I did a quick test, and called rand() one million times. As you can see in the output below, even at very large sample sizes, there are some nonuniformities in the distribution. As the number of samples goes to infinity, the line will (probably) flatten out, using something like rand() % 20 + 1 gives you a distribution that takes very long time to do so. If you take something else (like the example above) your chances are better at achieving a uniform distribution even for quite small sample sizes.
Edit:
I see several others posting about using srand() to seed the random number generator before using it. This is good advice, but it won't solve your problem in this case. I repeat: seeding is not the problem in this case.
Seeds are mainly used to control the reproducibility of the output of your program. If you seed your random number with a constant value (e.g. 0), the program will give the same output every time, which is useful for testing that everything works the way it should. By seeding with something non-constant (the current time is a popular choice) you ensure that the results vary between different runs of the program.
Not calling srand() at all is the same as calling srand(1), by the C++ standard. Thus, you'll get the same results every time you run the program, but you'll have a perfectly valid series of pseudo-random numbers within each run.

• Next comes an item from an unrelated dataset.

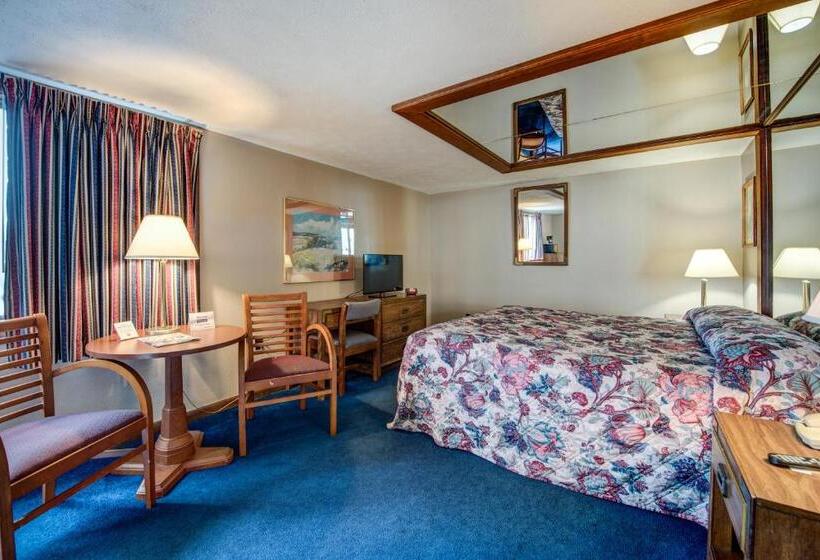 Suite z Hydromasażem, Sidney James Mountain Lodge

Sounds like you're hitting modulo bias.
Scaling your random numbers to a range by using % is not a good idea. It's just about passable if your reducing it to a range that is a power of 2, but still pretty poor. It is primarily influenced by the smaller bits which are frequently less random with many algorithms (and rand() in particular), and it contracts to the smaller range in a non-uniform fashion because the range your reducing to will not equally divide the range of your random number generator. To reduce the range you should be using a division and loop, like so:
// generate a number from 0 to range-1
int divisor = MAX_RAND/(range+1);
int result;
do
{
result = rand()/divisor;
} while (result >= range);
This is not as inefficient as it looks because the loop is nearly always passed through only once. Also if you're ever going to use your generator for numbers that approach MAX_RAND you'll need a more complex equation for divisor which I can't remember off-hand.
Also, rand() is a very poor random number generator, consider using something like a Mersenne Twister if you care about the quality of your results.
You need to call srand() first and give it the time for parameter for better pseudorandom values.
Example:
#include <iostream>
#include <string>
#include <vector>
#include "stdlib.h"
#include "time.h"
using namespace std;
int main()
{
srand(time(0));
int x,i;
for (i=0; i<10; i++) {
x = rand() % 20 + 1;
cout << x << ", ";
}
system("pause");
return 0;
}
If you don't want any of the generated numbers to repeat and memory isn't a concern you can use a vector of ints, shuffle it randomly and then get the values of the first N ints.
Example:
#include <iostream>
#include <vector>
#include <algorithm>
using namespace std;
int main()
{
//Get 5 random numbers between 1 and 20
vector<int> v;
for(int i=1; i<=20; i++)
v.push_back(i);
random_shuffle(v.begin(),v.end());
for(int i=0; i<5; i++)
cout << v[i] << endl;
system("pause");
return 0;
}
The likely problems are that you are using the same "random" numbers each time and that any int mod 1 is zero. In other words (myInt % 1 == 0) is always true. Instead of %1, use % theBiggestNumberDesired.
Also, seed your random numbers with srand. Use a constant seed to verify that you are getting good results. Then change the seed to make sure you are still getting good results. Then use a more random seed like the clock to teat further. Release with the random seed.